Sunday, January 20, 2008

Stranger on a train - 1

Hunsur-Mysore, January, 2008

When a middle-aged man alerts you to the fact that you're ticket jumping and should actually move from the cool greyness of the lonely three-tier compartment you have comfortably ensconced yourself in, to the hard wooden benches of the unreserved compartment instead, as per your ticket; follows you there; takes his seat opposite you on a two-seater and then proceeds to tell you how glad he is to have made a good friend to chat with on this three-hour journey, you're pretty much doomed to three of the longest hours of your life.

The journey began promisingly enough, with a story of a stick up and a death by gunshot at headpoint, in Lucknow.

It was a crowded restaurant in one of the more affluent commercial districts of the city. Tables were filling and emptying quickly and harried waiters rushed around, doling out orders and handing across bills.

At one such table two men were finishing up lunch when the waiter handed them their bill. They scrounged around in their pockets briefly and handed him the money, while continuing to finish up their meal. The waiter returned to them a few moments later, pointing out that they had paid two rupees short of the bill amount.

Within seconds, the customers turned violent. Their tempers flared. They asked how he dared to question them. They asked what difference two rupees would make. He stammered that he was only pointing out a genuine mistake and that they should be tipping him a couple rupees extra, if anything, and not undercutting him.

One of the men pulled a gun out of his pocket and shot the waiter dead. Then, in broad daylight, in full view of tens of stunned customers whose activities had ground to an abrupt and deafeningly silent halt, the men walked out, got into their car, and left.

There were more stories.

Stories of hurrying home in the insurgency in Punjab, stories of pilgrimages undertaken in the freezing cold of a Jammu winter, stories of loyalty and assiduity from Calcutta.

But gradually the tenuous thread hanging these unlikely and disparate strands of storytelling magic together, begins to fray.

A peanut-seller enters the compartment and dashes in and out of each berth cluster throwing a few peanuts onto our laps, for free. In a few minutes he is done and goes down the same route, but this time much slower, with his paper cones and warm bag of brown nuts. Ensnared by the quick testers, people dig for change and the adolescent peanut-seller does brisk business.

Outside the sky darkens and the wind gathers speed as we leave Mysore further and further behind.

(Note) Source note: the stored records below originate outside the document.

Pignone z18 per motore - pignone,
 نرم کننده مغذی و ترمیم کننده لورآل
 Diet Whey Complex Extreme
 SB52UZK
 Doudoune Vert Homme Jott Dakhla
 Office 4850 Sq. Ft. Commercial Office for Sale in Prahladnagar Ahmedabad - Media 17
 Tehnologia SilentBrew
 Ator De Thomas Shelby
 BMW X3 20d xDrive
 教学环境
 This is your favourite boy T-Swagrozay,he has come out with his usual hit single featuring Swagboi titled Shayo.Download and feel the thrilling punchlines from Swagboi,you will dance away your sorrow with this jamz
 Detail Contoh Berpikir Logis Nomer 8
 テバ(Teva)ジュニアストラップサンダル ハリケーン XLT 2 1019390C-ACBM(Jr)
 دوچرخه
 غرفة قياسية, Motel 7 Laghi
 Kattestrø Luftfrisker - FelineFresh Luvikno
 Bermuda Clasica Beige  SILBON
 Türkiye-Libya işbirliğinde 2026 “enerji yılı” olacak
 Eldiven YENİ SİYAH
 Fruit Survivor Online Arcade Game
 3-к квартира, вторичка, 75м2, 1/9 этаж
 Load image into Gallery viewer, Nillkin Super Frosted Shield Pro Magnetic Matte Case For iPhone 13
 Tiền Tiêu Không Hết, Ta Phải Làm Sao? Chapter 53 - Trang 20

The fraying threads have fallen apart to reveal gaping holes now – the storyteller opposite me is taking on the bulky form of a real person: a man consumed by his work, unable to communicate with his wife. Determined not to share his sorrows and hardships with her, he turns instead to a polite stranger on a train; a stranger whose eyes are constantly drawn to the moving black shapes outside the iron bars, pupils returning to him – tedious storyteller - in later and later intervals, with weary politeness: the barest indication that he still has some semblance of an audience.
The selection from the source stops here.